Packets from the Sun contain all the colors in equal amounts(for our purposes). If it’s high in the sky, looking straight at it will give you all of the colors. So the Sun looks white.

But the Sun isn’t shining only at you. There are countless rays taking countless paths through the sky, and only a tiny fraction of them hit you directly.

Raleigh scattering is an effect that more or less means that as light passes through air, it has a tendency to get knocked off of its straight line course. And it happens to have a preference for knocking blue light more than any other color. For us, we can think of it like our rainbow light packet is slowly “bleeding off” its blue light as it travels through the air. Or like it’s being run past a kind of imaginary sandpaper that prefers to scrape off blue light. The farther the packet goes through air, the more light that gets bled off. That bled off blue light gets thrown out in a random direction.

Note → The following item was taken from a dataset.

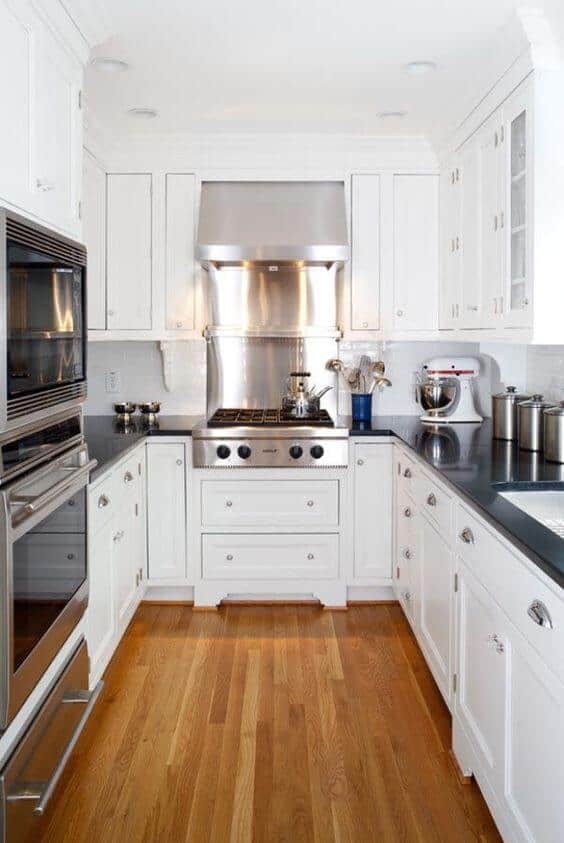 U-shaped small kitchen with white cabinetry, polished chrome hardware, dark granite countertops, and a central island with a stainless steel stove.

Since Raleigh scattering is occuring everywhere in the sky, all the time, some of it is bound to randomly fly in your direction and hit your eye. That is why the sky is blue. You’re basically getting some of the blue light shavings of all the light from the Sun that *didn’t* hit you.

But if this “blue light bleeding” behavior affects all light from the Sun, shouldn’t it affect the light that *does* directly hit you, too? Yes! The light streaming into your eye is having the blue shaved out of it just like all the other light. But this effect is very gradual, and related to how far that light had to travel. If the Sun is overhead, light’s path to you takes a relatively short path through air, so not much blue light has managed to escape, so you don’t really notice.

If it’s sunrise or sunset, the light is passing through the atmosphere at a lower angle. That means its path through the air is longer now, meaning more blue light gets scraped away. At some point, so much of the bluer light has been scraped away that only reddish light remains. That redder light scatters too, just not as much as the bluer light, so if you look in the direction of the sun at sunrise or sunset, that light looks red. All the blue light has been scraped out of your sunset to make the sky blue for someone else beyond the horizon.

The only major inaccuracy with this is that there’s no such thing as a “rainbow packet” of light that can have some colors “scraped out of it”. What’s really going on is that there are a zillion rays, each with one unique color, and blue rays tend to get knocked around more often. But pretending like it’s just one packet representing the sum of all colors present means less to keep track of.